Antarctica appears gigantic in the Mercator projection.Credit: truesize.com
The continent gets smaller as it moves towards the equator.Credit: truesize.com
Turns out Antarctica is smaller than South America.Credit: truesize.com
Other strangely gratifying activities include trying to fit as many countries as possible into the South American and African continents. As you can see in the first image above, I managed to fit nine countries into Africa. (Geography nerds will be able to guess from the outlines which countries they are. Everyone else will find the answer at the end of this article.)
Cartographers have devised numerous ways of projecting the Earth onto a two-dimensional map.

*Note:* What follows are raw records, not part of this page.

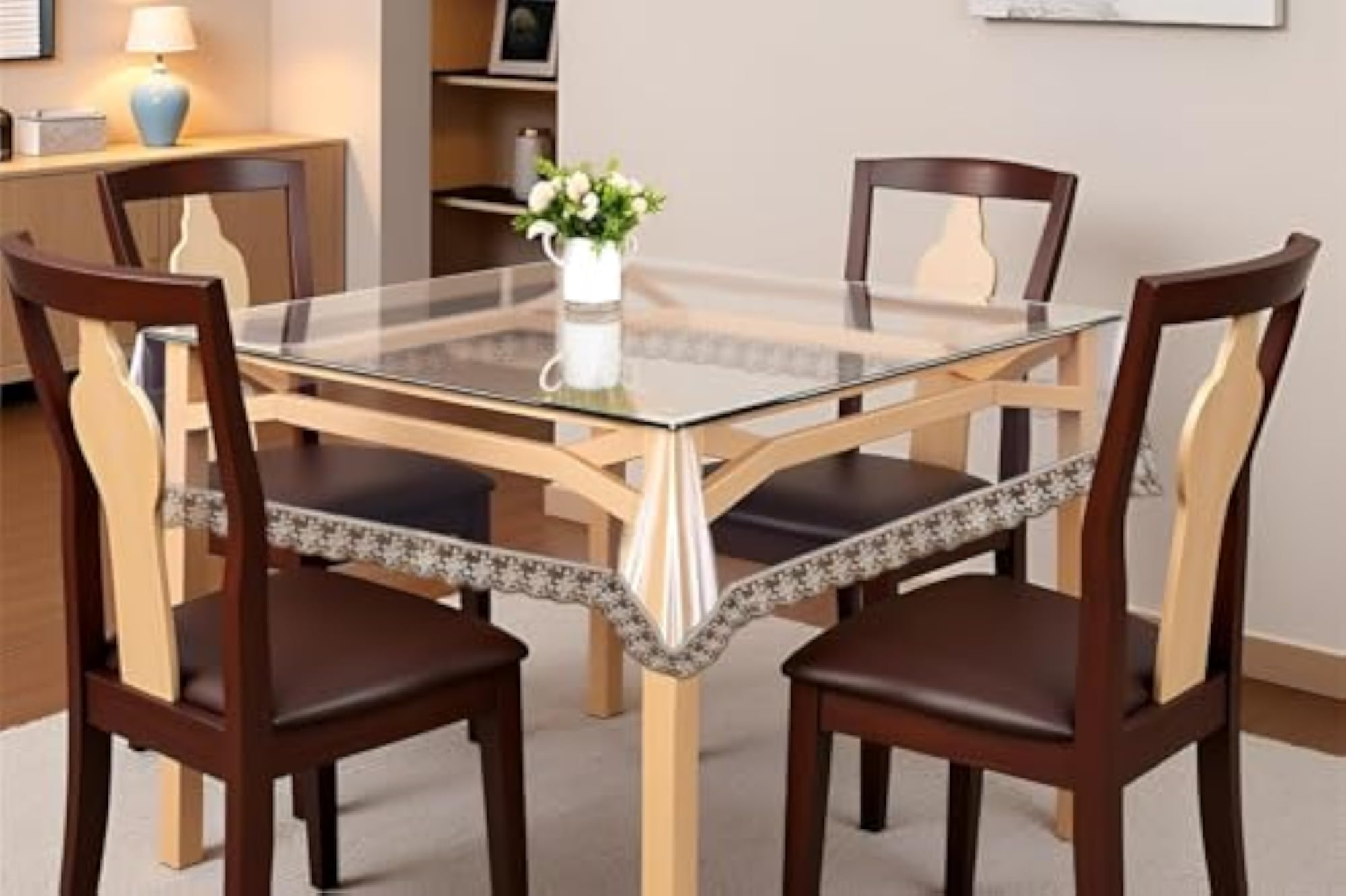 Classic Transparent Plastic Table Cover with Golden Lace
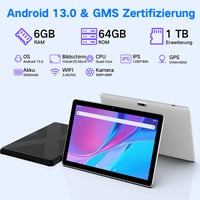 Winsing 10" Android 13 Tablet, 6GB RAM, 64GB Tárhely, Bővíthető 1TB-ig, Kék-Fehér Tokkal, 5MP+8MP Kamera, HD IPS Kijelző, WiFi, Bluetooth 5. 2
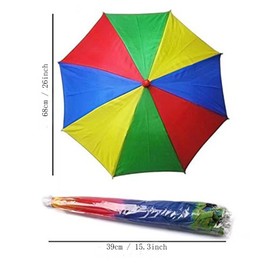 26" Diameter Fishing Headwear Umbrella Hat Rainbow Colors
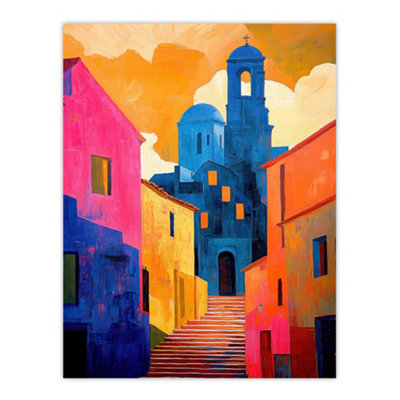 Artery8 Unframed Wall Art Italian Church Cityscape Colourful Abstract12X16 Inch from B&Q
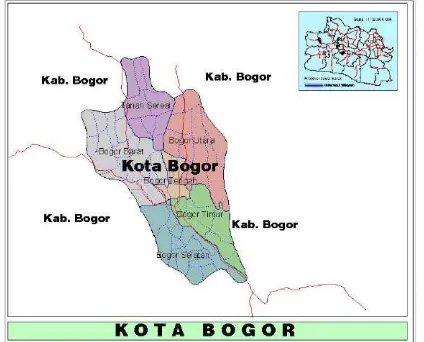 Gambar 2 Peta orientasi lokasi Kota Bogor (Anonim,  2004a).  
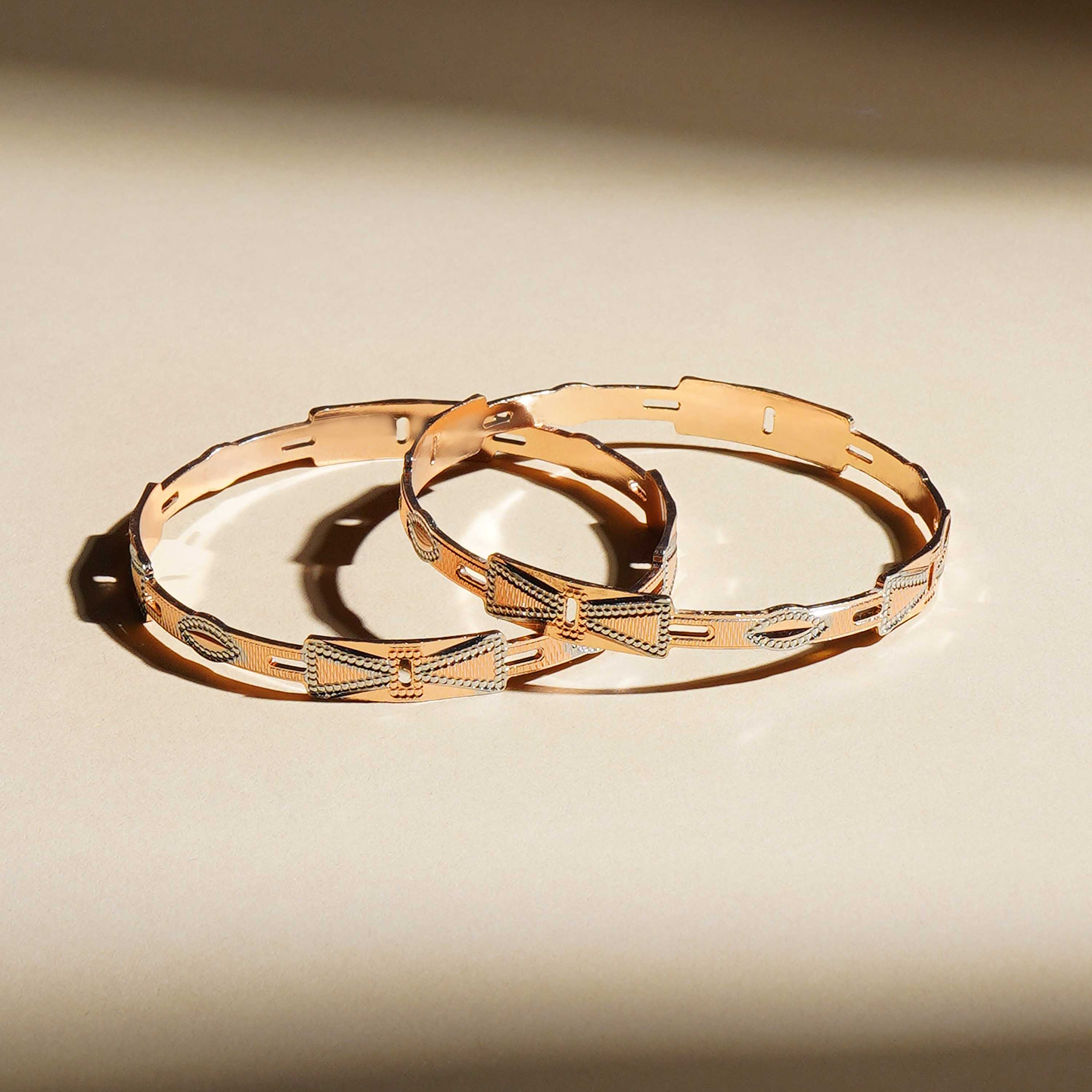Tiva Rose Gold Plated Bangles ( Set of 2 )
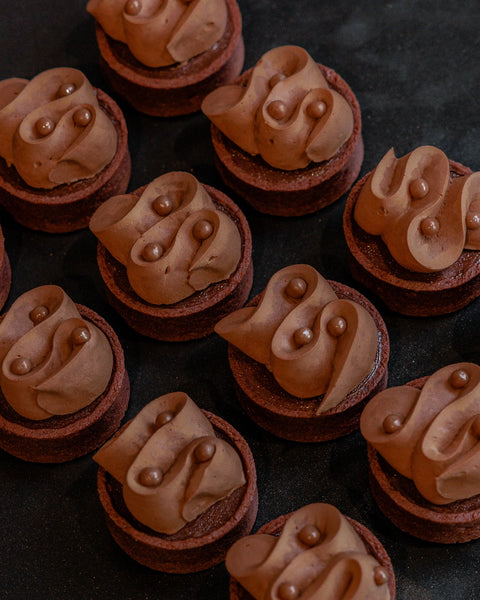 Mini Salted Caramel and Chocolate Tart Catering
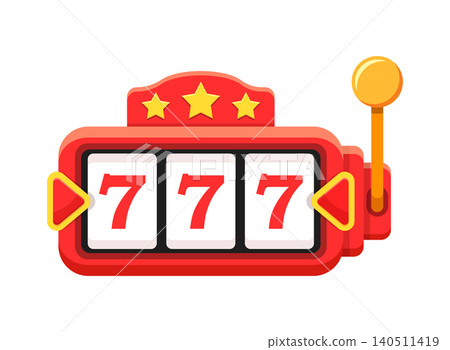 Casino slot machine icon in flat style. 777 jackpot vector illustration on isolated background. Game machine sign business concept. Casino slot machine icon in flat style. 777 jackpot vector illustration on isolated background. Game machine sign business concept. 140511419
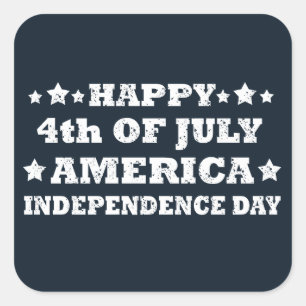 Gelukkige 4 juli Amerika Vierkante Sticker
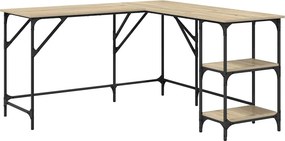 vidaXL sonoma tölgy színű mű fa íróasztal 139x139x75 cm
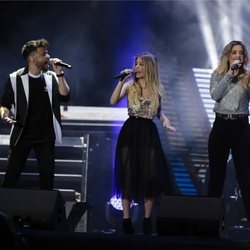 Ricky, Nerea y Mimi durante el concierto 'OT Bernabéu'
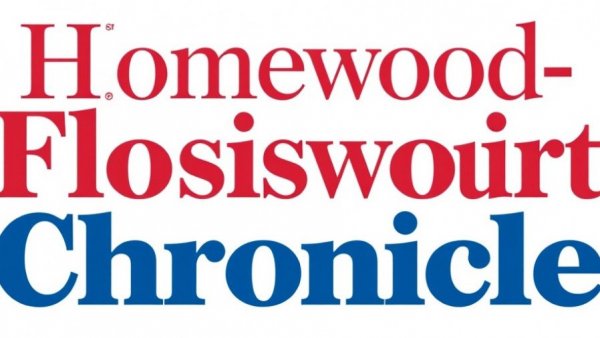 Minimalist logo for Homewood-Flossmoor Chronicle on white background.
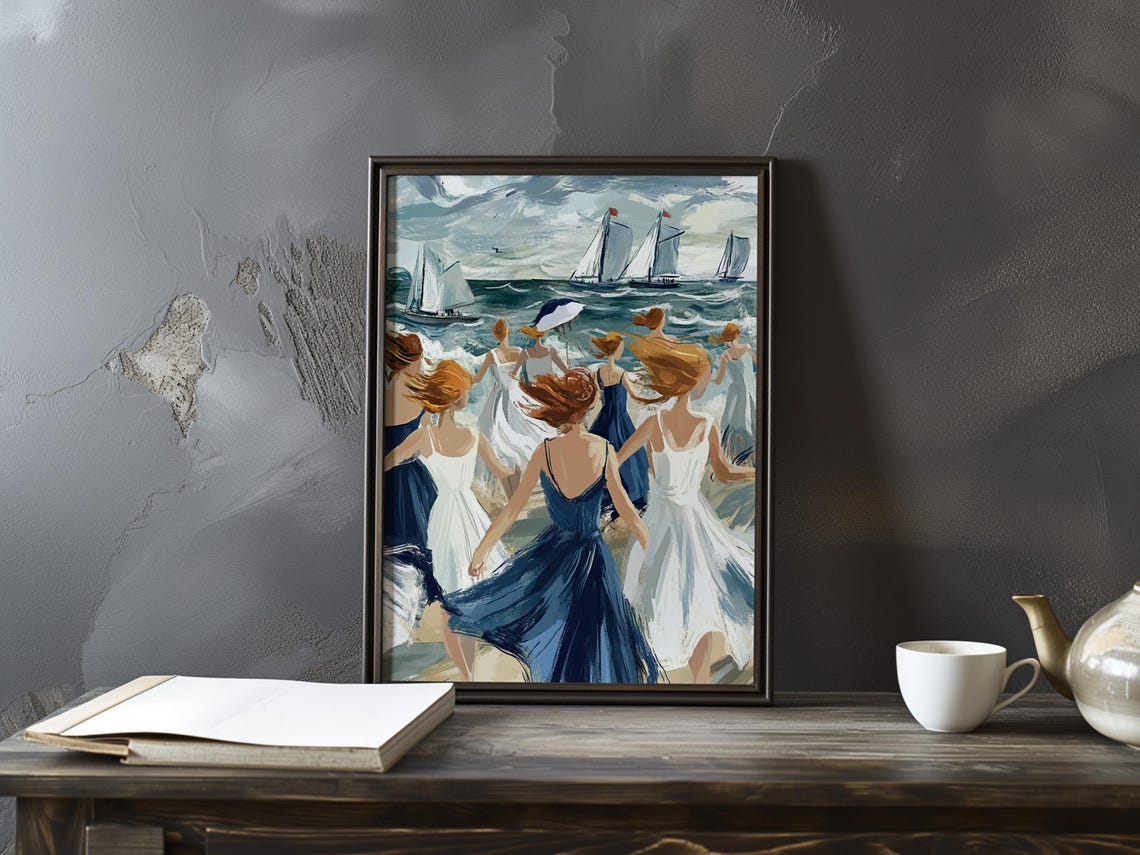 Women Dancing on a Windy Beach by Sailboats Impressionist Art Poster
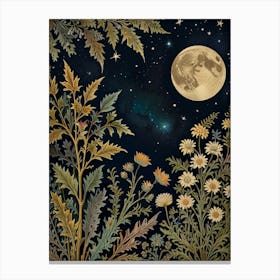 Moon And Flowers Style William Morris 1 Art Print 4 Canvas Print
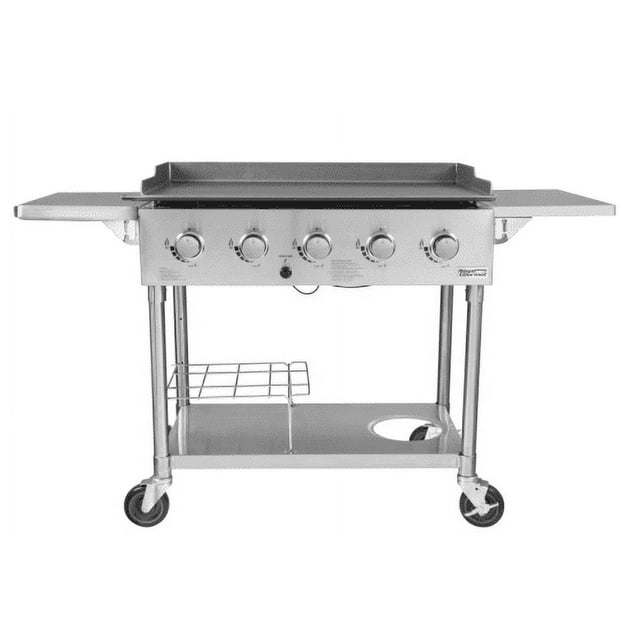 Royal Gourmet GB5000S Regal 5-Burner 65,000-BTU Propane Gas Grill Griddle, 36’’L, Outdoor Cooking, Tailgating
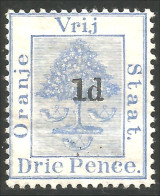 715 Orange River Colony 1891 1p Surcharge 3p Bleu Blue Arbre Tree Baum MH * Neuf(ORA-12) - État Libre D'Orange (1868-1909)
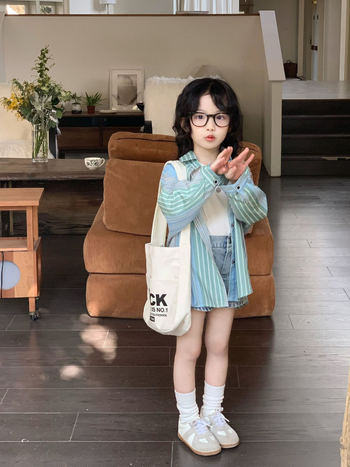 Gyerekeknek készült ing - lányoknak, Koreai stílus, reveres gallér, csíkos, hosszú ujjú, 95% pamut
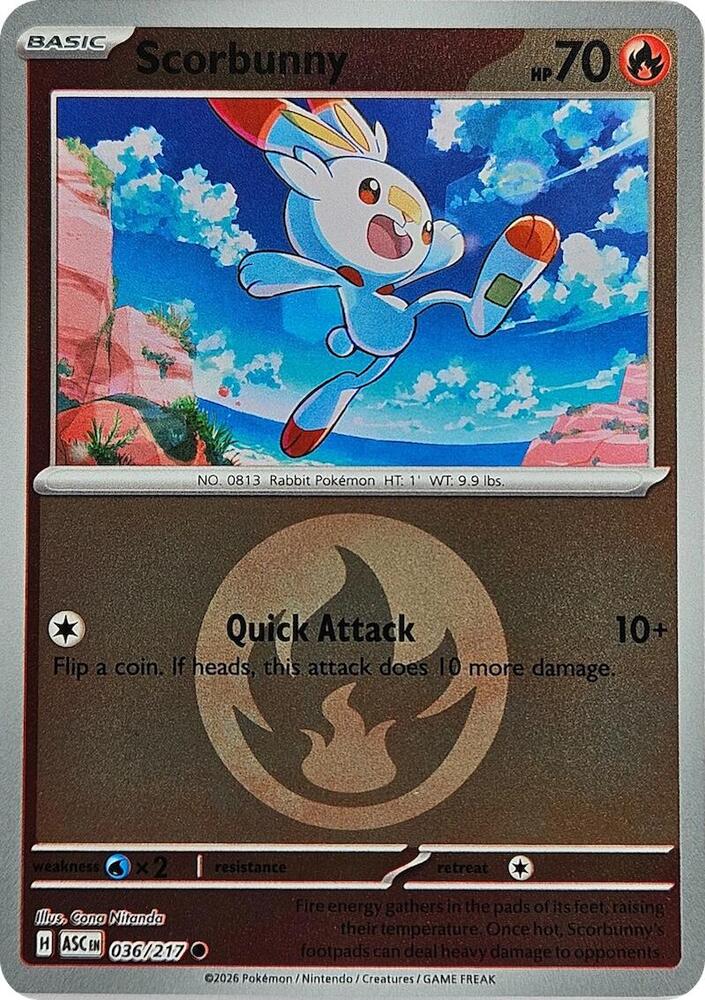 Scorbunny - Ascended Heroes 036/217 - Energy Reverse Holo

Every projection has its weaknesses and the distortions inherent in the various historical projections often betrayed, deliberately or otherwise, the bias of their creators. A map is, after all, a way of looking at the world.
The medieval maps of Europe, for example, incorporated religious ideas, depicting Jerusalem at the centre and orienting the whole map to the East (where the sun rises and the lost Garden of Eden was thought to lie).
By contrast, Arab maps by Muslim scholars such as Al-Idrisi advanced early Greek practices first developed by Ptolemy in his book Geography¸ written about 150 AD. Ptolemy's maps were the first to use longitudinal and latitudinal lines.
Colton's 1852 map of the world uses the Mercator projection, cutting off the highly distorted poles. Printed for J & H Miller, Columbus, Ohio.Credit: Wikimedia Commons
The Mercator projection, developed in the 16th century by Flemish geographer Gerardus Mercator, flattens the globe by straightening the meridians (the imaginary lines encircling the globe and passing through both poles) and parallels (which run perpendicular to the meridians).
This was great for navigation but not so useful for representing size and distance because the scale increases from the equator and becomes infinite at the poles.
This explains why Antarctica is so enormous and Africa so comparatively small in online maps such as Google and Bing, which use the Mercator projection. In fact, Africa (30 million square kilometres) is more than twice the size of Antarctica (14 million square kilometres).
The widespread use of the Mercator projection has been fiercely criticised as a sign of Euro-centric bias. In this projection, the northern European countries appear far larger and more dominant than the countries in the south. To rectify the problem, German historian Arno Peters developed the Galls-Peters projection, which distorts countries' shape but accurately shows their size. However, it was never widely used. (Compare the Mercator and Galls-Peters projections using this excellent map 'slider' by The Economist.)
Talmage and Maneice's interactive map stands in this tradition.
"It was inspired by an episode of The West Wing and an infographic by Kai Krause [found here] entitled "The True Size of Africa"," they write on thetruesize.com.
"We hope teachers will use it to show their students just how big the world actually is."
* The nine countries are Mongolia (pink), Ukraine (red), the US (turquoise), Sweden (light blue), the UK (blue), India (yellow), Norway (purple), Finland (green) and China (orange).